***** Given information

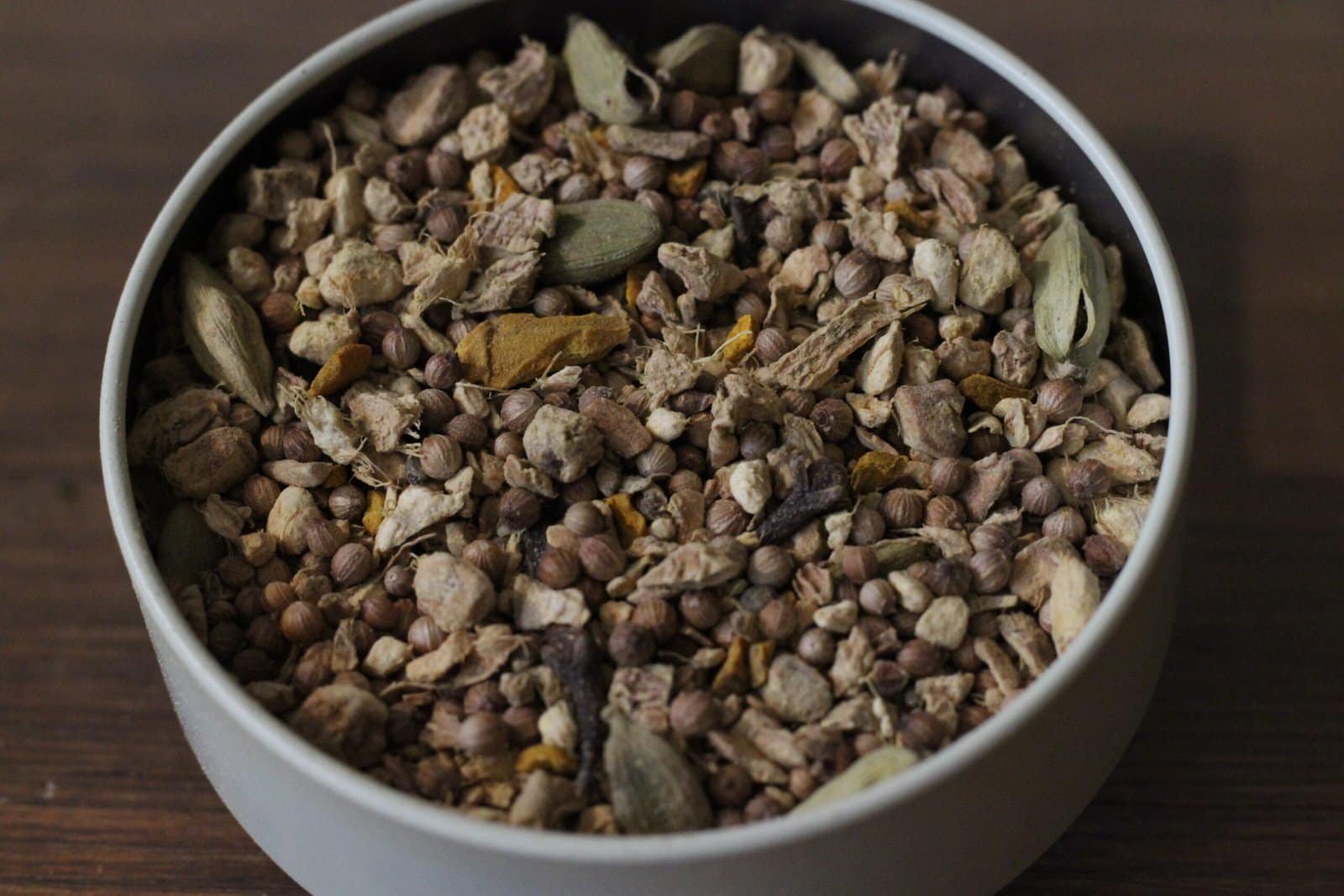 Thé ayurvédique anti-stress – Image 2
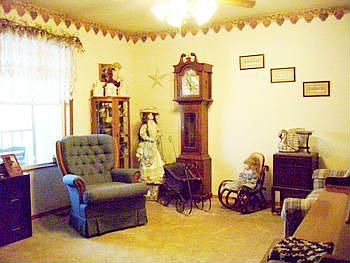 Featuring a formal living area that could easily be changed to a den, office or a fourth bedroom on the main floor.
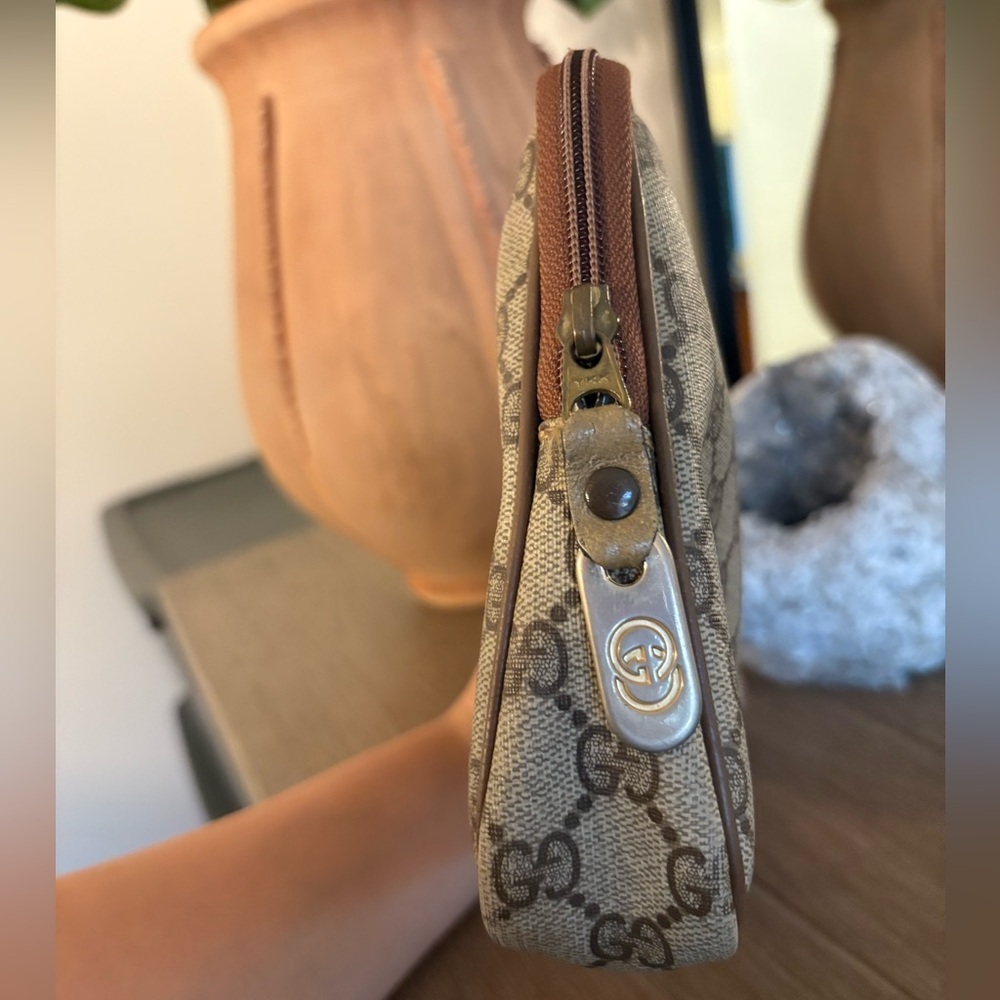 Gucci GG Pouch - Picture 4 of 12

**********

• _What to produce_
Repeat the data word for word. Skip the pictures.

• _Exercise solution_
 Thé ayurvédique anti-stress – Image 2
 Featuring a formal living area that could easily be changed to a den, office or a fourth bedroom on the main floor.
 Gucci GG Pouch - Picture 4 of 12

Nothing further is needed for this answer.